Science Correspondent

"It submitted false statistics about malaria programme worldwide"


  • Data at variance particularly in Africa
  • Findings published in Lancet
  • World Bank has rejected charges

    New Delhi: In a hard-hitting viewpoint published in the online edition of the medical journal Lancet to mark Africa Malaria Day (April 25), Canadian health experts have accused the World Bank of giving false financial and statistical figures about its malaria programme worldwide, in particular in Africa, and having wasted money on ineffective medicines in malaria treatment in India.

    The authors, Amir Attaran and his colleagues, have claimed that, since 2000, the Bank had concealed the amount of its actual expenditure on malaria; reneged on its commitment of $300-500 million for malaria control in Africa; downsized its staff of malaria experts from seven to zero shortly after promising to do more for the disease; published false epidemiological statistics to exaggerate the performance of its malaria projects and funded clinically ineffective treatment against the advice of WHO for a potentially fatal plasmodium falciparum malaria in India.

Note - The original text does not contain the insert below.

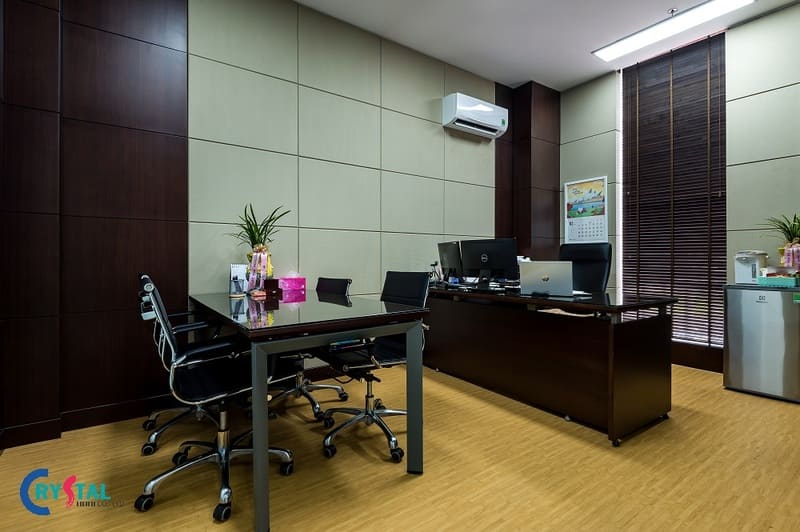 Executive Suite là dạng văn phòng riêng cao cấp.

    According to the Lancet report, in April 2005, when the Bank launched its Global Strategy and Booster Programme, it had reported that India had achieved dramatic reduction in Gujarat (58 per cent) Maharashtra (98 per cent) and Rajasthan (79 per cent) through the Bank-supported Malaria Control Project, and that too in just one year from 2002 to 2003.

    Doubting that such reductions were possible in such a short time, the authors cross-checked the data with the data of the Indian Government's National Vector-Borne Diseases Control Programme (NVBDCP) and found that the data were at complete variance with the Bank's claims. "According to NVBDCP," the authors point out, "far from malaria cases declining in the three States, the numbers actually rose sharply in all of them."

    To understand the discrepancies, when the authors sought the India project status report, the Bank apparently refused. "We cannot [therefore] discern the cause of the Bank's many statistical errors, and particularly whether these errors arise from unintentional mistakes or from intentional data falsification. We note that most of the statistical errors exaggerate the performance of the Bank's projects."

    The authors' investigations also found that on six occasions in 2004 in which the Bank approved the purchases of chloroquine in its projects knowing full well that the drug would be used in chloroquine-resistant P. falciparum malaria. The chloroquine purchases were worth $1.8 million and exceeded 100 million tablets.

    Chloroquine resistance

    In doing so, the authors point out, the Bank disregarded medical realities and WHO guidelines. Epidemiological studies, they point out, have shown that rising chloroquine resistance is associated with an increase of two to 11 times in malaria deaths, particularly in children. According to WHO policy since 2003, chloroquine should not be used when the treatment failure rate exceeded 15 per cent. "The quantities make it probable that millions of patients with P. falciparum malaria received such treatments inappropriately. Both money and lives are wasted by these decisions," say the authors.

    World Bank's Jean-Louis Sarbib and colleagues have, however, rejected these charges in an accompanying article. According to them, in India the Bank focussed on co-financing a country-led strategy that tailored drug treatment policies to match the distribution of different malaria parasites in the country. This approach was "more effective."